Written by Freelancing Writer and Editor : Olayinka Sodiq
Sometimes a friend may be going through a difficult phase, could be the death of a parent, depression, anxiety issues, or a transition, having a child, that prevent them from being there for you, even if the friendship seems a little off-balanced.
It’s necessary to have a distinction between what might be a brief, understandable phase where you should still hang in there for the person versus a longer-term issue that means that the friendship may not be a good fit for you.
If you harbor a friend who is a negative or toxic force in your life, how do you deal with that situation with them?
Know if you should end a friendship
Strong friendships should always have a healthy give and take, it may not always be a 50-50 split, but there should be some semblance of balance. If this friend is too demanding of your time, attention and support and doesn’t offer the same in return, it is an indication that it’s time to move on.

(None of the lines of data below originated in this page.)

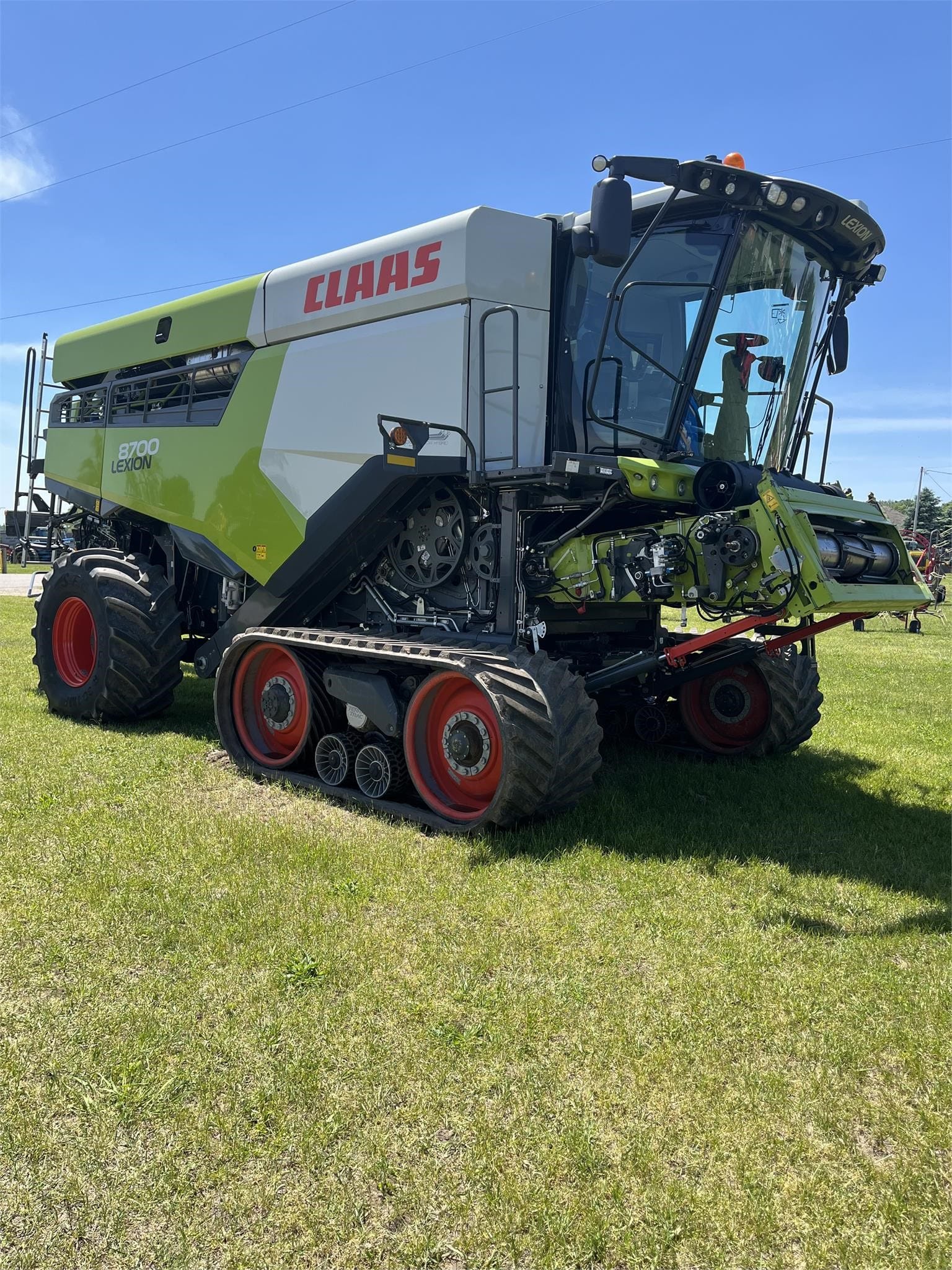 Main image CLAAS Lexion 8700TT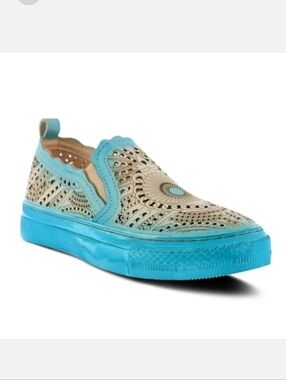 L`Artiste by Spring Step Hanna Slip-on Leather Turquoise Shoes Women's Size 38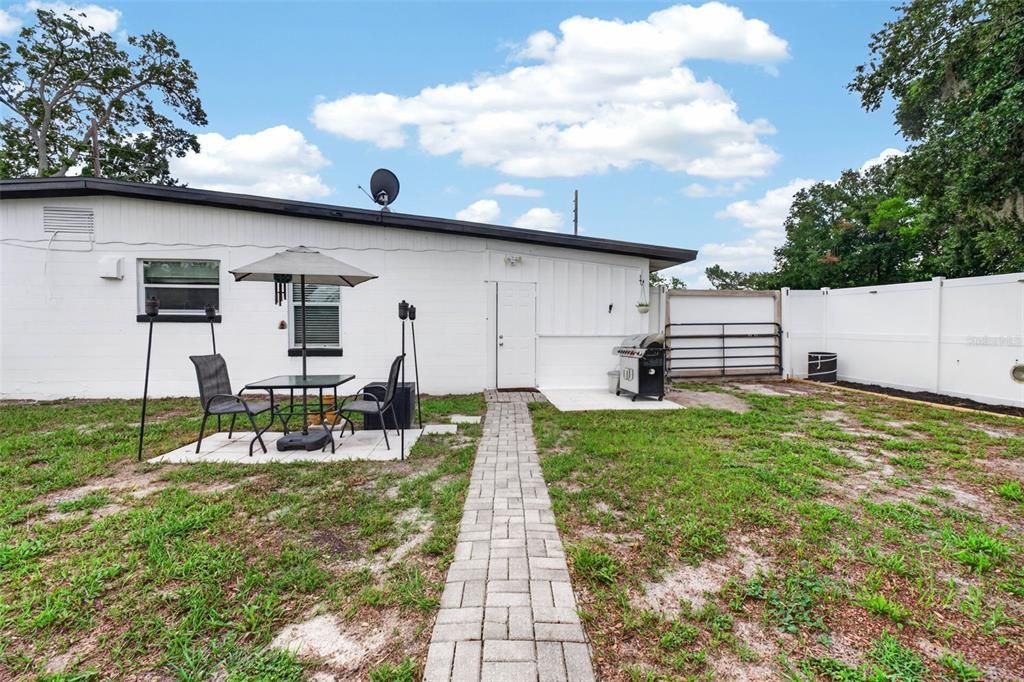 For Sale: $339,990 (3 beds, 1 baths, 968 Square Feet)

“You feel exhausted by the idea of just hanging out,” “Or you don’t feel like seeing them when you used to feel excited or Maybe they’re engaging in behaviors that are against your morality, you certainly don’t need that in your Life.
Also, pay attention to how you feel when you receive a text from this friend or when they reach out to make plans, If you get anxious or a “sinking feeling,” that could also be a sign of incompatibility.
The simple fact is that friendships don’t last forever which is perfectly fine; no one is suggesting you discard friends over minor squabbles, but you certainly can permit yourself to move on when the relationship no longer serves you.
“You don’t need to stay friends with anyone who does not have your ideology or walking the same path as you or lifting you while you’re striving to accomplish your goals.”
How to break it off with a friend
A slow fade, often regarded as a callous move, but permissible in the context of a friendship, It’s unnecessary to let the friend know that you want to break up with them.
A slow decline in seeking them out is enough for them to get the message “Think of a tennis match when it comes to the way you communicate with your friend. Allow them to hit two balls in your court before you hit one back, and slowly send the message of unavailability.
Repairing a relationship requires airing your grievances; give specific reasons why you’re not making an effort to spend time together anymore, “White lies like, ‘I’m focused on work and hobbies and haven’t had much time for all my friends lately’ are fine.” “Just let them know that you’re feeling, you have outgrown each other, and it’s better for everyone if you just stay in touch periodically,” “Be prepared, though, that they might feel hurt or angry, so having a script in your mind about how to handle that will help you navigate it.”
Keep in mind that a slow fade is a lot different from suddenly cutting off contact with this person — effectively ghosting them.